=== DATA ===
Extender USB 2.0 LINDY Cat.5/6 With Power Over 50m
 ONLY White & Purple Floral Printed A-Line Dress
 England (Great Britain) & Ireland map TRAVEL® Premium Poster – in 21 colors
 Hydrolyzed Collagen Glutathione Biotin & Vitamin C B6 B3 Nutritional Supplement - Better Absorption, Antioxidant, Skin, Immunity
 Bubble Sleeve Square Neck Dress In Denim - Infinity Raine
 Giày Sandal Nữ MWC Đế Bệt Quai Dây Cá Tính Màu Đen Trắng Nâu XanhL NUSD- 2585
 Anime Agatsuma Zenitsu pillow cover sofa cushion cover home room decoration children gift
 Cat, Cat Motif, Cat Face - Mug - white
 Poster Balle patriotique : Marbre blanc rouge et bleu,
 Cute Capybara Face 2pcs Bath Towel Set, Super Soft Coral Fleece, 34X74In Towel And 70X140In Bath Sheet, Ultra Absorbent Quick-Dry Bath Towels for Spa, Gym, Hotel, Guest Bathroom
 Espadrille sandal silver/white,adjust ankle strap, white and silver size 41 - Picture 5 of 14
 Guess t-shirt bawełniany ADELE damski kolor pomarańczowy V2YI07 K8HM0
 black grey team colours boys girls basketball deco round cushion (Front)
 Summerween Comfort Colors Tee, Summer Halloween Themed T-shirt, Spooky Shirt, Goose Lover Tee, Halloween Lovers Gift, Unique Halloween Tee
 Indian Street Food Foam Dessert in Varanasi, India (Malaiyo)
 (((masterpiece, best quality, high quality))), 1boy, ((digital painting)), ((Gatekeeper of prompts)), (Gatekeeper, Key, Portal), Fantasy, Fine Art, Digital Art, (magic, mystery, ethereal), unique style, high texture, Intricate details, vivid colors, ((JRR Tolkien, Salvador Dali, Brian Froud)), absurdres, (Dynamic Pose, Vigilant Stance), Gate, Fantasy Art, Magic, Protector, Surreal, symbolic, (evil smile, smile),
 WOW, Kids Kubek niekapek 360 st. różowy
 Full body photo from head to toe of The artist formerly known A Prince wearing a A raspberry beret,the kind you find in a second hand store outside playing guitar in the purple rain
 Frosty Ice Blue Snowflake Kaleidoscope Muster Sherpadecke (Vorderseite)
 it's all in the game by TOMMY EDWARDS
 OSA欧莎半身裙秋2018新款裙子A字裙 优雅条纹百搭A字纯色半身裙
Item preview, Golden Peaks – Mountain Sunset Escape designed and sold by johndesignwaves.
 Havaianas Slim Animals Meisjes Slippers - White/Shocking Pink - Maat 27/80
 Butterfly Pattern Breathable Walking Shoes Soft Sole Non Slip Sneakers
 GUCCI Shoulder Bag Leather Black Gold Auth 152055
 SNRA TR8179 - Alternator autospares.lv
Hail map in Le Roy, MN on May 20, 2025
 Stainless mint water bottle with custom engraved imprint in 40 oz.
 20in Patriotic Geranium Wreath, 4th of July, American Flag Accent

=== TASK PROMPT ===
Exact lines only, please: output the listing from the first line to the line with "Poster Balle patriotique", both included.

=== YOUR SOLUTION ===
Extender USB 2.0 LINDY Cat.5/6 With Power Over 50m
 ONLY White & Purple Floral Printed A-Line Dress
 England (Great Britain) & Ireland map TRAVEL® Premium Poster – in 21 colors
 Hydrolyzed Collagen Glutathione Biotin & Vitamin C B6 B3 Nutritional Supplement - Better Absorption, Antioxidant, Skin, Immunity
 Bubble Sleeve Square Neck Dress In Denim - Infinity Raine
 Giày Sandal Nữ MWC Đế Bệt Quai Dây Cá Tính Màu Đen Trắng Nâu XanhL NUSD- 2585
 Anime Agatsuma Zenitsu pillow cover sofa cushion cover home room decoration children gift
 Cat, Cat Motif, Cat Face - Mug - white
 Poster Balle patriotique : Marbre blanc rouge et bleu,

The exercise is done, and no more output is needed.